What I had found alarmed me. I felt an ethical obligation to inform the CEO immediately rather than wait until delivering my final report. The CEO dismissed my concerns when I called him and instead accused me.

“The staff are deceiving you,” he claimed. “It surprises me that someone like you would fall for such a transparent ploy! Keep investigating!”

And so I did.

I interviewed the Japanese subsidiary’s CFO, a British expat who had worked for the company worldwide, not just in Japan. I asked him about what he thought of my findings.

“Steve, this is an open secret in the company. People skirt safety protocols all over the world. Everyone knows about it,” the CFO deadpanned.

“Does the Japan office CEO know, too?” I asked. The CFO did not answer.
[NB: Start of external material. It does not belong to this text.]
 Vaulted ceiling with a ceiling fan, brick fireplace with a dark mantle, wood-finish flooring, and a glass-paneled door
He did not need to.

I contacted the CEO and offered to deliver my report orally to him alone and in private, wary that my written report might be subpoenaed should the company be indicted. The CEO declined and insisted I provide a written report and presentation to him and his executive team. So I did.
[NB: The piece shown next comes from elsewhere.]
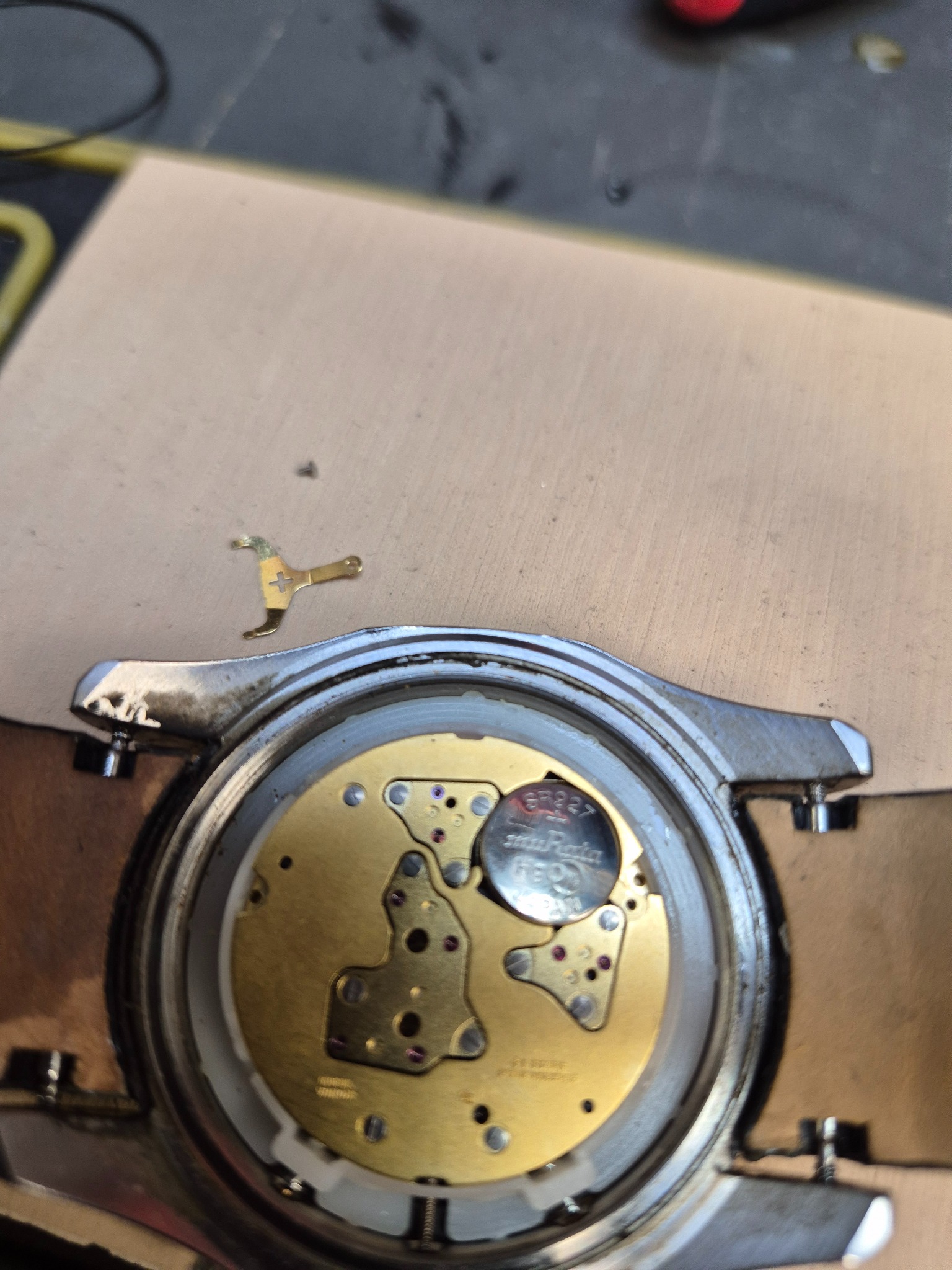 Otwarty zegarek z widocznym mechanizmem i baterią. Obok leży metalowy element mocujący. Detaliczna praca zegarmistrzowska.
I reported my findings in a conference room, all executives present, presumably including the ones who had succumbed to pressure to skirt safety protocols as they rose through the ranks and then pressured underlings to do the same in turn.

Partway through my report, the CEO exploded at me with fury.
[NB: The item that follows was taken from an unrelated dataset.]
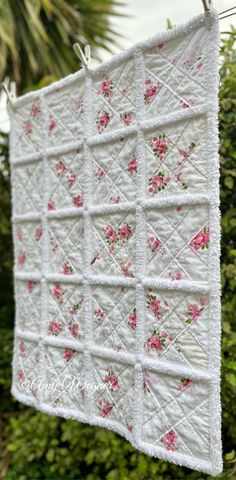 a white quilt hanging from a clothes line with pink flowers on it and green bushes in the background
“I cannot believe you are so stupid and gullible! The problem is the fault of frontline staff! They all conspired to deceive you!” He screamed.

He slammed his fist on the conference table, stood abruptly, and stormed out of the conference room.

I remained sanguine. I am paid to give my advice. Sometimes, people don’t like what I have to say.

The meeting was over, as far I was concerned. No point in delivering my recommendations. No point in a discussion. I gathered my things as the executives still seated at the conference table looked on. One spoke up calmly.

“Steve, you know how in Japan there are roads with a speed limit of forty kilometers per hour, but everyone does sixty anyway because forty is just unrealistically slow? It’s like that in our business. The safety regulations are unrealistic. Everyone violates them. Those who don’t can’t compete.” he explained as if talking to a naïve child.

“Your competitors don’t appear to have suffered accidents like yours, and none of them are being investigated. So what are you saying? Your competitors are better at skirting safety than you are and just haven’t been caught?” I asked.

“Maybe it’s because the authorities unfairly target foreign companies,” the executive offered.

And what about the person who died, I thought, feeling queasy, but said nothing. There was no point engaging in debate.

I left the conference room and the office unescorted. I was somber on the train. I arrived home. I immediately showered.

A few months later, I found a news article about yet another accident related to this company. Another person could have died but fortunately suffered only minor injuries. The territory in which the accident occurred was the one whose branch director boasted about his zero-incident record.

Occasionally, CEOs and executives ask me what they should do when their company systematically violates the law, regulations, or ethics. I tell them they have three options.

Live with it do nothing, which makes you complicit by default.
Do something to confront and change things.
Leave.

I tell them only the latter two options are viable. The first option is soul-destroying by degree.